Column One – OWNER SHOULD – There are no hard and fast rules here. Many items the Inspector notes as “needing to be done” are things any owner needs to do periodically. Is “The Owner” the Buyer of the Home? Or is “The Owner” the Seller of the home? While contracts often fail over these issues, they should not as they are things the buyer will need to do during their ownership of the home. These are not “once and done” items. If the gutters are so clogged and dirty because the owner never had them cleaned during their ownership, the buyer may ask the seller to have those professionally cleaned prior to closing. The buyer may put this in the “Seller SHOULD” column. Often this has to do with the number of trees dropping debris into the gutters.

Generally a buyer should not decide they do not want the house after all because the gutters are dirty and the seller won’t have them cleaned prior to closing, or because the seller won’t trim a small branch on a tree.

Just because the Inspector tells the buyer “the gutters need to be cleaned” does not mean the seller needs to DO something. The Inspector may simply be saying that at EVERY inspection so the buyer knows that this is a normal owner maintenance item. That statement alone does not mean there is something currently “wrong” with the gutters.

Column Two – OWNER MUST – These are usually things the seller would have fixed had he known they were not functioning properly. They are usually things that have no aesthetic selection element, so that it doesn’t matter if the buyer does them or the seller does them. They are usually things that can cause a problem or additional damage between inspection and closing.

As example, a leaking sink creates damage every day between the time you discover it and the time it is fixed, so having it fixed without delay is recommended. It is very rare that a seller would not want to fix that leak ASAP.
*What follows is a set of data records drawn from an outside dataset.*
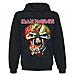 Iron Maiden - Final Frontier Big Head (Felpa Con Cappuccio Unisex Tg. S)  - Foto miniatura 1
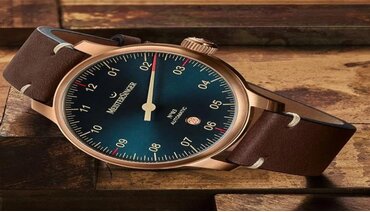 Đồng hồ Meistersinger: Khác biệt tạo nên dấu ấn thương hiệu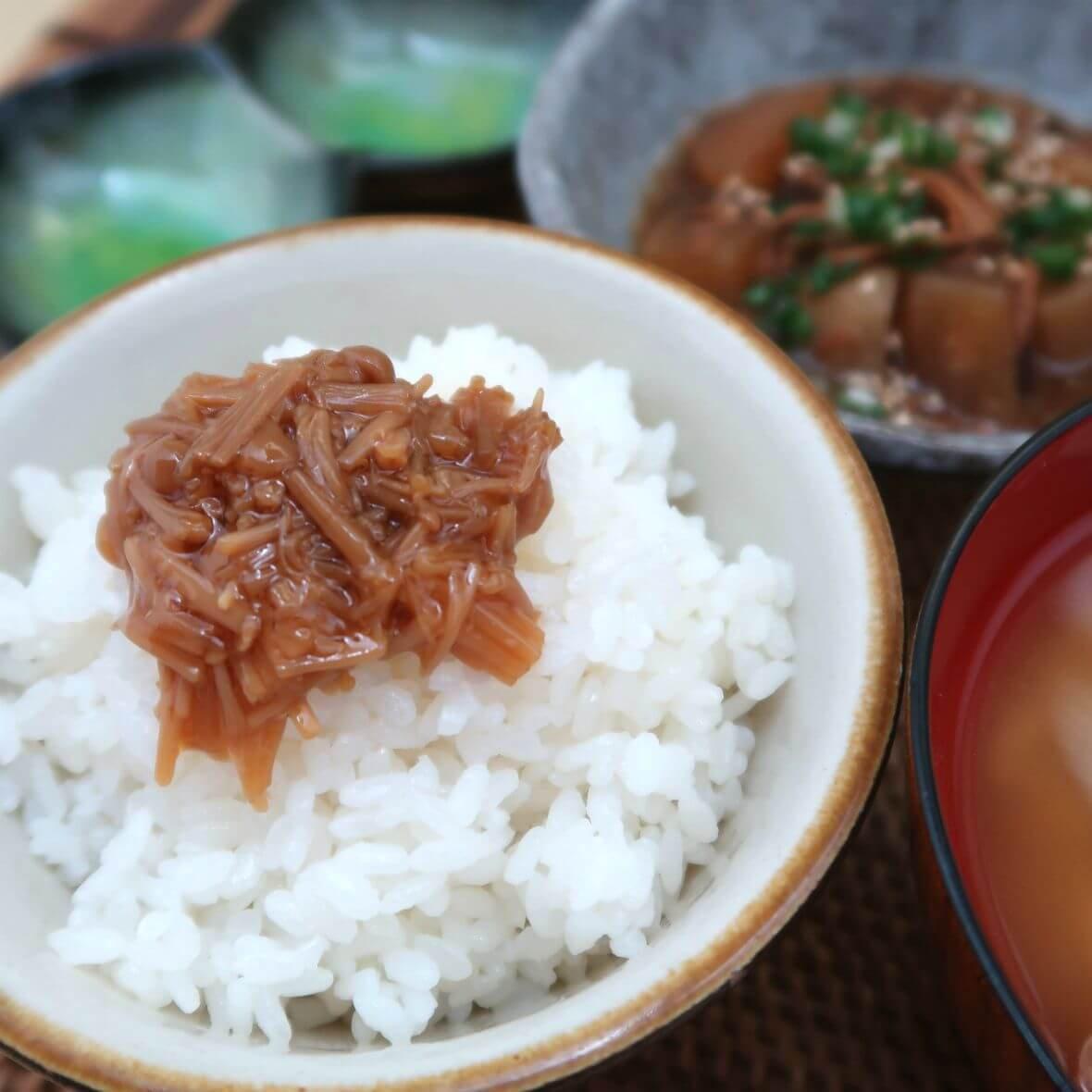 Nagano Cooked Nametake Mushroom Lightly Salted 180g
Column Three – SELLER SHOULD – Many items fall in here and are basically not major things. Often whether or not the seller “should” fix them has to do with the price of the home. If the buyer is paying a good and somewhat high “fair market value” then the buyer often expects these things to be done and the seller, happy with the price he got for the home, often does them. If the buyer is getting a screaming deal and the seller is walking away with nothing or less than nothing, the seller usually expects the buyer to accept the home with these issues not being addressed.

Often these are things the seller did not deem important enough to fix while he lived there, and not something the seller did not know about. A small crack in a window. A broken window seal (this is cosmetic in most cases). A bedroom door doesn’t “latch” properly, which is often fixed by tightening knob or hinge screws or adjusting the latch plate. Basically things that can be fixed with little or no cost and a screw driver.

Column Four – ?????This is where many sales can fall apart. These are usually large items that are “in working order” and not currently defective, but near or past their “life expectancy”. Roof is not leaking but 23 years old. Hot water tank is working just fine, but is 18 years old. Heater is working just fine, but is 30 years old. Again these items usually hinge on the price negotiated. If the Seller got the better end of the deal at initial price negotiation, the buyer’s expectations may be different than if the buyer is getting the home at a “below market” price. Often the seller and the buyer do not agree on THAT, on whether the price was at, above, or below market price and THAT is why the sale fails over one of these items. Not because of the item itself, but because the parties think one or the other is not being reasonable given the home price.

Does a house need a new roof because it is “old” but is not leaking? Does a hot water tank need to be replaced because of it’s age when it is functioning well?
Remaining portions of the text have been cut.